== STORED DATA

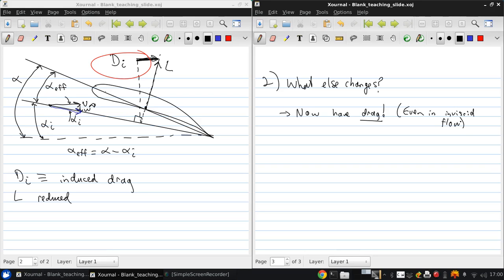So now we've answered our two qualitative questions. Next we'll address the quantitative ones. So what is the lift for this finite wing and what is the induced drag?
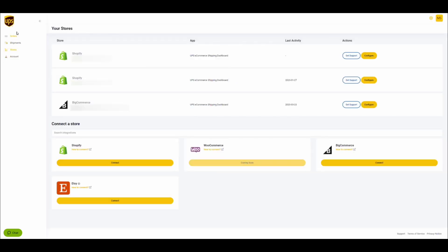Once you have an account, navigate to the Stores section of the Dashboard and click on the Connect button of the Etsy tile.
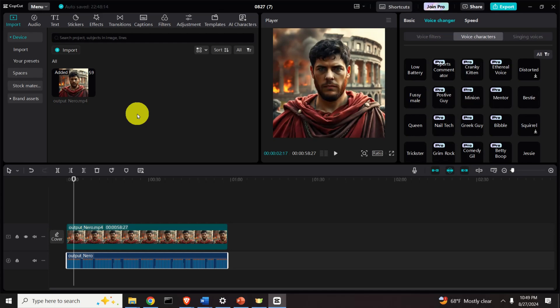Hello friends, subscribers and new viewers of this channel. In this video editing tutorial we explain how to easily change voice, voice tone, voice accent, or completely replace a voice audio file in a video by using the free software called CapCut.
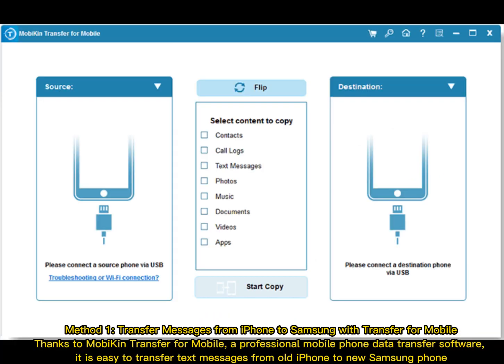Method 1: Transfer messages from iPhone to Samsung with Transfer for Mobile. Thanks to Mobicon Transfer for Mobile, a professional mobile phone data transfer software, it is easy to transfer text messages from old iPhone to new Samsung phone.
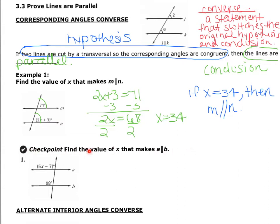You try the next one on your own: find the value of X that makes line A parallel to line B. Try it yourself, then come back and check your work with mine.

====

● **DESCRIPTION OF THE TASK**
Repeat the entries exactly, without pictures.

● **SOLUTION TO THIS TASK**
So now we've answered our two qualitative questions. Next we'll address the quantitative ones. So what is the lift for this finite wing and what is the induced drag?
Once you have an account, navigate to the Stores section of the Dashboard and click on the Connect button of the Etsy tile.
Hello friends, subscribers and new viewers of this channel. In this video editing tutorial we explain how to easily change voice, voice tone, voice accent, or completely replace a voice audio file in a video by using the free software called CapCut.
Method 1: Transfer messages from iPhone to Samsung with Transfer for Mobile. Thanks to Mobicon Transfer for Mobile, a professional mobile phone data transfer software, it is easy to transfer text messages from old iPhone to new Samsung phone.
You try the next one on your own: find the value of X that makes line A parallel to line B. Try it yourself, then come back and check your work with mine.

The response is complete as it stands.